CIFAR10: This is a sample made of 60000 images with a size of 32x32 pixels. The images are divided in 10 classes, with 6000 images for each category. The algorithm is a classification problem, with 10 possible outputs mutually exclusive and the method implemented is a set of 3 convolutional neural networks.
- GPU Computer using GPUs: Training time: 10min 32s, time per epoch: 25s, performance: loss 0.8645 - acc: 0.6986 - val_loss: 0.7276 - val_acc: 0.7494.
- GPU Computer using CPU: Training time: 42min 46s, time per epoch: 130s, performance: loss: 0.8779 - acc: 0.6955 - val_loss: 0.7469 - val_acc: 0.7466.

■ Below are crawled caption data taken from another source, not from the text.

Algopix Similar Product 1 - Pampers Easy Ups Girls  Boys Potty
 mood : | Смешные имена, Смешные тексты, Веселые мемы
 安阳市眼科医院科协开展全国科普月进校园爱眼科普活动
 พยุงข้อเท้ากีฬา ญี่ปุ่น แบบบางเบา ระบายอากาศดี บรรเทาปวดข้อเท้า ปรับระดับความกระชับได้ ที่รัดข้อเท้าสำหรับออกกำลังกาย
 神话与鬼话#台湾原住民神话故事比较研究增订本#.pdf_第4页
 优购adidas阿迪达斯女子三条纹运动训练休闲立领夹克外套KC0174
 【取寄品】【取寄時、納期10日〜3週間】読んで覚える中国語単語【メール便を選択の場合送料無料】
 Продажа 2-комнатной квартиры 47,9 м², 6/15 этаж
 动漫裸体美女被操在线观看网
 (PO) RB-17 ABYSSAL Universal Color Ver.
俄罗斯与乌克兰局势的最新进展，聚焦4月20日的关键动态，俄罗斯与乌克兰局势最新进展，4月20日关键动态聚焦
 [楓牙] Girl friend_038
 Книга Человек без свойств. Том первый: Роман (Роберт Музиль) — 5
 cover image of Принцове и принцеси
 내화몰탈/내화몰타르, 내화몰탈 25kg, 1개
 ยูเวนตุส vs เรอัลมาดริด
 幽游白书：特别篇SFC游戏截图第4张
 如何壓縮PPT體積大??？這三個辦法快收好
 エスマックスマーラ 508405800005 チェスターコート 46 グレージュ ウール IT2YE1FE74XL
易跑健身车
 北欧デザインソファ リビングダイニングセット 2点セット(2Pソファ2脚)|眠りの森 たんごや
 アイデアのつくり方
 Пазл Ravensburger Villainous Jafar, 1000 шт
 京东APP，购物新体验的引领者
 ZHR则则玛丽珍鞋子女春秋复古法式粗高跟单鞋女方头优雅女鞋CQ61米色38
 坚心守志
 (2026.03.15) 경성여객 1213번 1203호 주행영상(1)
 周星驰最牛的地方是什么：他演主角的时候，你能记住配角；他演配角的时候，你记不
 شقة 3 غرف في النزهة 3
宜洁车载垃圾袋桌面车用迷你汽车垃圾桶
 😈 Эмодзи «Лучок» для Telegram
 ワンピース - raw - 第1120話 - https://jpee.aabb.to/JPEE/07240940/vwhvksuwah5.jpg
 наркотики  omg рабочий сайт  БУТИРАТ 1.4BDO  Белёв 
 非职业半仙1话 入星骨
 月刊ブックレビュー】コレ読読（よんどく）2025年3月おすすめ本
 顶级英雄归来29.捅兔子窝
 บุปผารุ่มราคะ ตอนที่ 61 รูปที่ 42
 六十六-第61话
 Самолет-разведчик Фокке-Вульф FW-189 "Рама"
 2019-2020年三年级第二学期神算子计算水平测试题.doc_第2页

- 2012 iMac (i7): Training time: 76min 48s, time per epoch: 230s, performance: loss: 0.8793 - acc: 0.6935 - val_loss: 0.7753 - val_acc: 0.7297
- 2015 MacBook Pro 13 (i7): Training time: 92min 18s, time per epoch: 272s, performance: loss: 0.8818 - acc: 0.6946 - val_loss: 0.7849 - val_acc: 0.7300
MINST: This is a large database of handwritten digits (0-9) and the task consist in identifying the number. This can be approached as a multiple class classification problem. There are several papers showing that most accurate solution can be achieved by Convolutional Neural Networks (CNN). The solution tested contains 2 convolutional layers, one dense ReLU (rectified linear unit) layer and output given by a softmax layer. The MNIST database contains 60,000 training and 10,000 test images.
- GPU Computer using GPUs: Training time: 2min 13s, time per epoch: 4s, performance: loss: 0.0366 - acc: 0.9888 - val_loss: 0.0273 - val_acc: 0.9908.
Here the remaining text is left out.